The film’s disdain for its subject matter is palpable—often for good reason, but at times, to an extent that obscures Bilton’s point. At its crux, Fake Famous is about the incentive structure of social media—a system set up by titanic corporations that encourages people to lie, dissuades others from pointing it out, and ensures the rest keep scrolling. And yet the narrative’s focus on people who take advantage of it, who get trapped in it—the protagonists, but also the (mostly) girls that make up its selfie montages or TikTok clips—often lays blame at the feet of users. The camera seems to finger-wag at whatever moral failure has consumed today’s youth, while invoking a vague nostalgia for earlier times.
“It wasn’t that long ago that, in order to get away from the hustle and bustle and that never-ending grind of everyday life, you’d get on a plane, fly somewhere warm—like Los Angeles—and spend a week bopping from one tourist attraction to another,” Bilton mulls in his opening voiceover. “Now, people get on a plane and fly to L.A. to go to a pink wall to take selfies.” (Is the Santa Monica Pier more existentially fulfilling than the Paul Smith on Melrose? Maybe! But Runyon Canyon has no shortage of visitors.)
The film’s conviction in the baseness of influencing stunts its ability to ask basic questions about its appeal. That question—why do people want this?—only comes up once. And it is immediately answered. “Why? That’s easy,” Bilton says. “Likes, which translates to more followers, which is the current currency of the most important thing on Earth today, what everyone seems to be obsessed with: They want to be famous.”
There’s a kind of self-evident truth there; so much of American aspiration is motivated by fame or power. And seeking fame, actress and author Justine Bateman posits in one scene, is something like asking for admiration, to be liked. But the inquiry ends there, even as alternative theories emerge from the subjects’ own mouths. For Kenzie Harr, a small-time influencer who joins Dominique for a photoshoot, the reason is bluntly economic: “I would much rather be an influencer than working at a restaurant,” she said, “or all these other odd jobs that we have to work.” Dom has a similar rationale. “I’ll play the game so that I can do what I want,” she says at her retail job, folding shirts into shipping envelopes, “but in the meantime, I’ll fill online orders.”

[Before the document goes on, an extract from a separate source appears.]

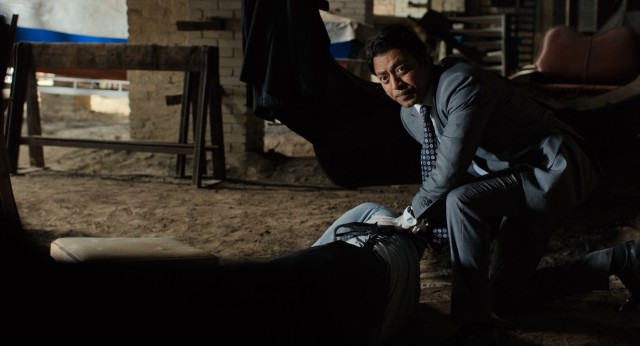 Irrfan Khan steals scenes as Harry Sims, a covert ally who serves as the film's unlikely comic relief.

Though much of the internet is fake, a good deal of it is real—as Dominique discovers when, gradually, she begins to attract thousands of real followers. What drives those people? What do they want from influencers? If users know they’re being lied to, being spied on, being sold to, why do they click? The documentary doesn’t ask. Maybe the same explanations hold—likes, followers, fame. But it’s equally plausible that their motivations resemble Dom’s—that distant, pretty, para-social spokespeople amount to a minor escape from shitty minimum-wage jobs with no benefits and no future. Maybe the corporate monopolies that created social media addiction emerged from the same trickle-up economy that made people want to use it. “The entire concept of influencing is to make you feel worse,” Bilton concludes in the final moments of the film. That’s probably true, but a lot of people already did.